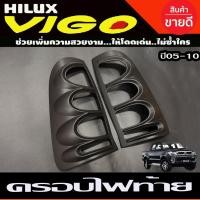 ราคา ครอบไฟท้าย/ฝาครอบไฟท้าย สีดำด้าน Toyota Vigo 2005 2006 2007 2008 2009 2010 (R) (27424242523)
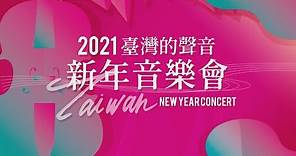 2021 臺灣的聲音 新年音樂會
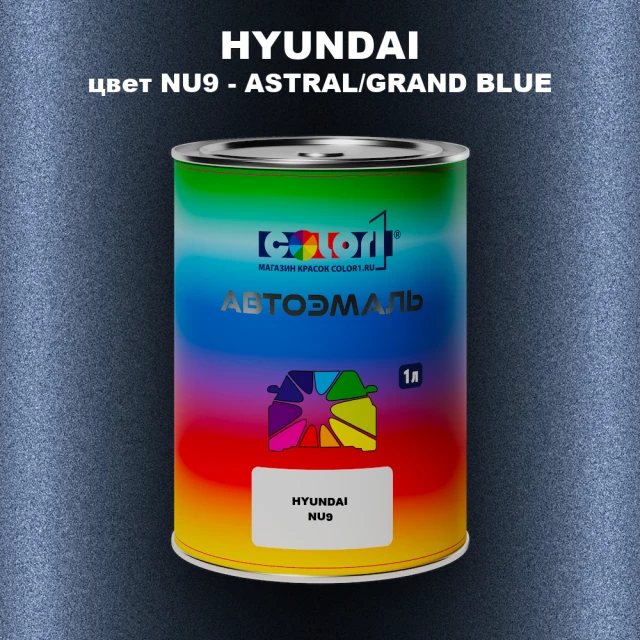 Автомобильная краска HYUNDAI, цвет NU9 - ASTRAL/GRAND BLUE
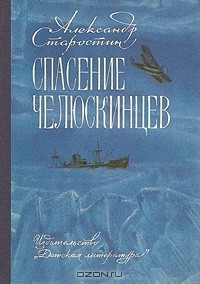 Александр Старостин - Спасение челюскинцев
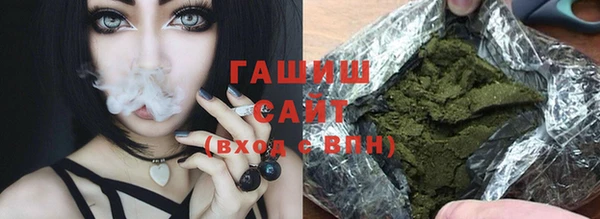 меф Алзамай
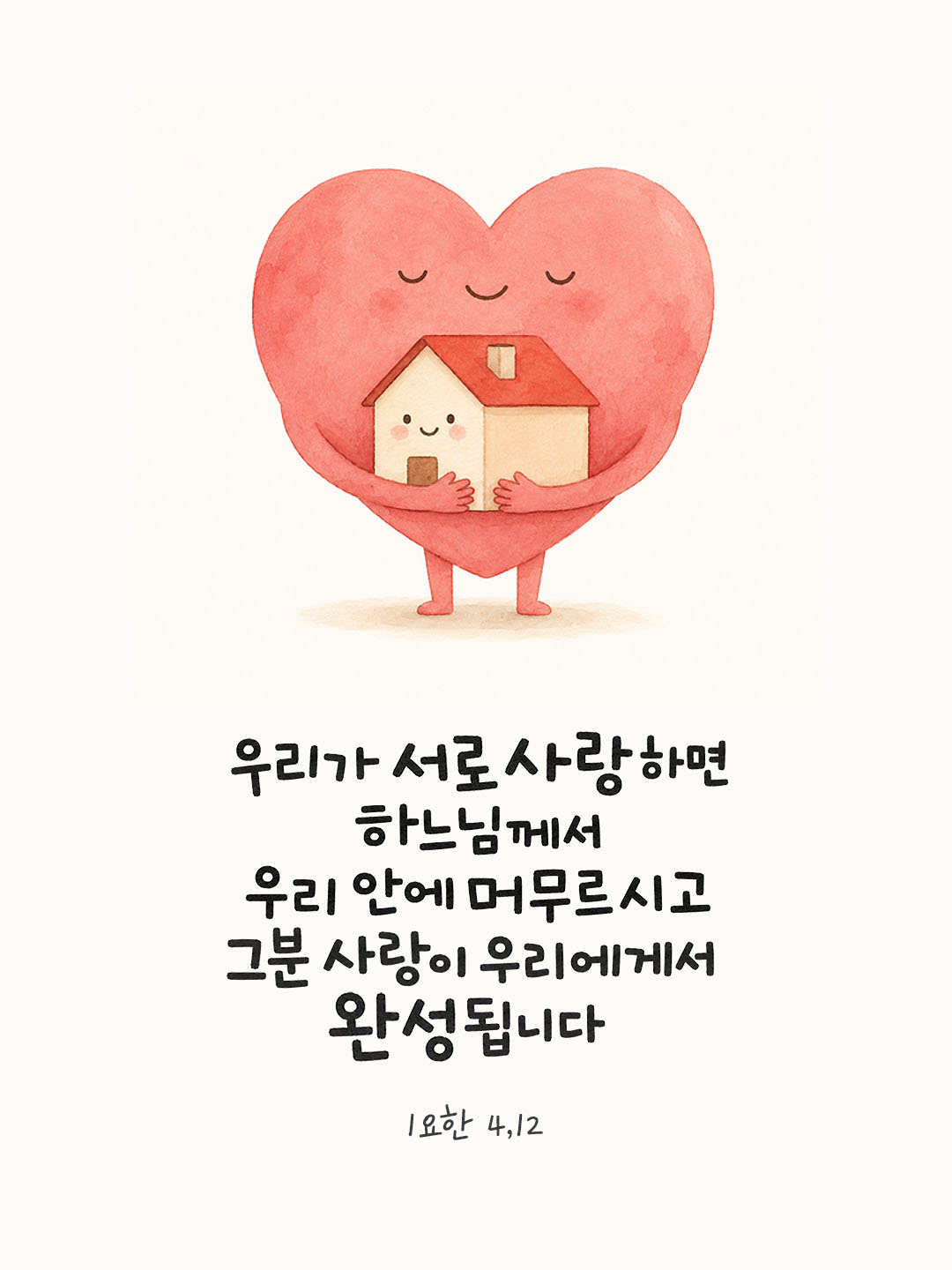 오늘 말씀카드 요한1서 4장 12절 성경구절 이미지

### Work item
Each line from the one containing "2021 臺灣的聲音 新年音樂會" through the end of the listing is to be set down exactly, with all pictures left out.

### Task result
 2021 臺灣的聲音 新年音樂會
 Автомобильная краска HYUNDAI, цвет NU9 - ASTRAL/GRAND BLUE
 Александр Старостин - Спасение челюскинцев
 меф Алзамай
 오늘 말씀카드 요한1서 4장 12절 성경구절 이미지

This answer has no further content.